» **PROBLEM DESCRIPTION**:
A verbatim copy of the listing is needed; pictures are to be left out.

» **MATERIAL PROVIDED**:
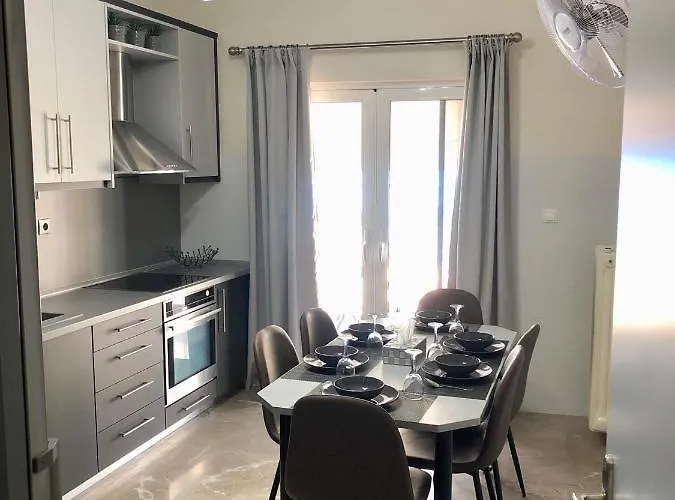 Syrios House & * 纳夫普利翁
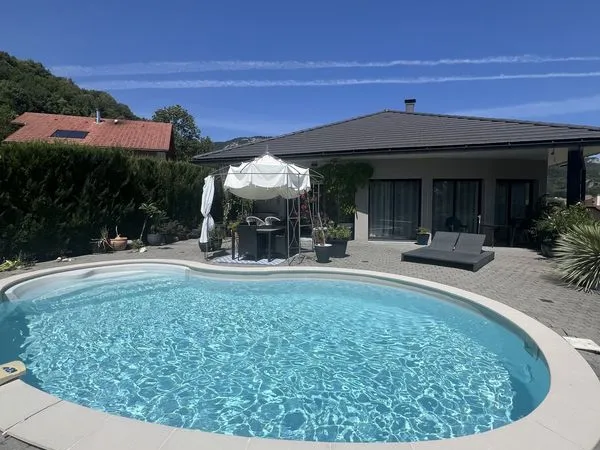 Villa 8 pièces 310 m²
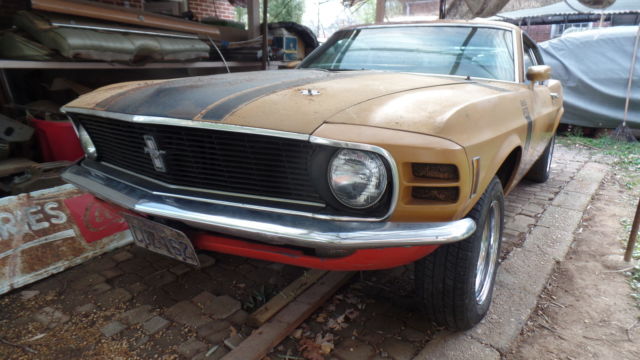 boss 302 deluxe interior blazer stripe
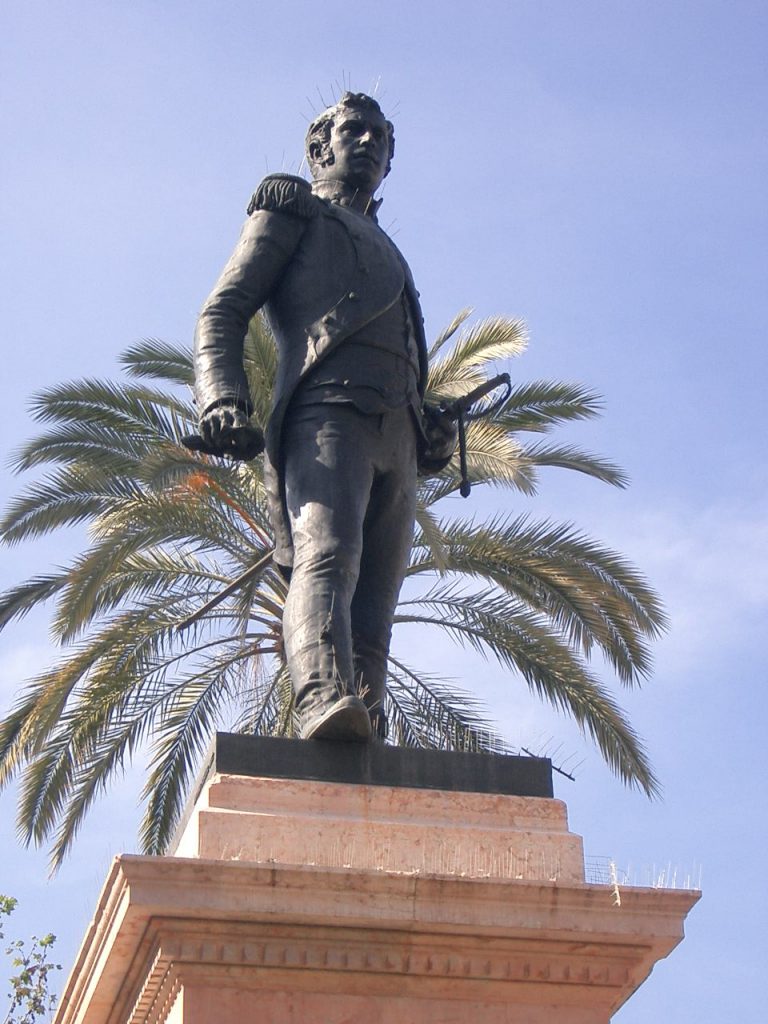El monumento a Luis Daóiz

» **EXERCISE RESULT**:
 Syrios House & * 纳夫普利翁
 Villa 8 pièces 310 m²
 boss 302 deluxe interior blazer stripe
El monumento a Luis Daóiz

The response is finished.